Figure 4. Cellular composition of lymphoid structures and heterogeneity based on subtypes, location evaluated by multiplex immunofluorescence assessment of lymphoid infiltrates. (A) Multiplex immunofluorescence analysis of lymphoid structures. Stack bar plots represent the proportion of each cell. Layer 1 represents the whole slide, and each region of interest was annotated and presented in x axis. (B) Heatmap represents the proportion of cell types for each slide across cluster and nodule from intratumorally (n=17), peritumorally (n=72), and stromal (n=42) annotated regions of interest. (C) Box plots comparing the composition of CD8+T cells, (D) CD20⁺ cells, (E) CD21⁺ cells, (F) PNAd across subtypes and location of lymphoid aggregates. (G) Box plot shows the distribution of CD8 cells at IT, (n=17), PT (n=72), and ST (n=42). (H) CD20 cell distribution (I). PNAd distribution. The p value was calculated between the two groups by using the Wilcoxon rank test. (J) Correlation between CD20 and CD8 counts over the whole slide, Spearman correlation coefficient and p value are depicted over figure showing strong positive correlation. IT, intratumoral; PT, peritumoral; ST, stromal.
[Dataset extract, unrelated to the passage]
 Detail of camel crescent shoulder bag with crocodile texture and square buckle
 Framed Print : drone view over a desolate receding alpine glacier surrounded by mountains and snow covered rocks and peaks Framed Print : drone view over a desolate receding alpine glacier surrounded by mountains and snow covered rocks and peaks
Figure 5. Cell colocalization quantified using the cross-K function method for an individual case using CD20 as a reference and measurement of entropy. The black line represents the input image, the red line represents a randomly distributed point pattern. With the increase of radius (x axis), the black line diverges further from the red line, meaning that there is at least one mixed cluster of two types of points, which is also suggested by the positive value of the AUC score for (A) CD20-CD4, (B) CD20-CD8, (C) CD20-PNAD, and (D) CD20-CD21. (E) For CD20-SOX10, the AUC score was close to 0, suggesting the two types of cells do not exhibit a positional relationship. Entropy measurement based on CD20 as reference (F) with CD4 (G), CD21 (H) or PNAD (I). Higher entropies (blue) are obtained when the cell types considered are balanced and suggest high cell colocalization, and lower entropies arise when a particular cell type(s) is rare and indicate low cell colocalization. AUC, area under the curve.

Figure 6. Transcriptomic profiling and functional Gene Set Enrichment Analyses of melanoma samples with and without LA. (A) Heatmap illustrating differentially expressed genes in samples with/without LA. (B) Bar plots showing upregulated and downregulated MSigDB hallmark gene sets, Gene Ontology pathways, and REACTOME pathways in LA samples. (C) Box plot showing 12-chemokine score in samples with LA±TLS which are combined in LA group and without LA (No-LA). Table further shows 12-CK score in LA and TLS groups, separately. P value was calculated using the Wilcoxon rank-sum test. LA, lymphoid aggregates; TLS, tertiary lymphoid structures.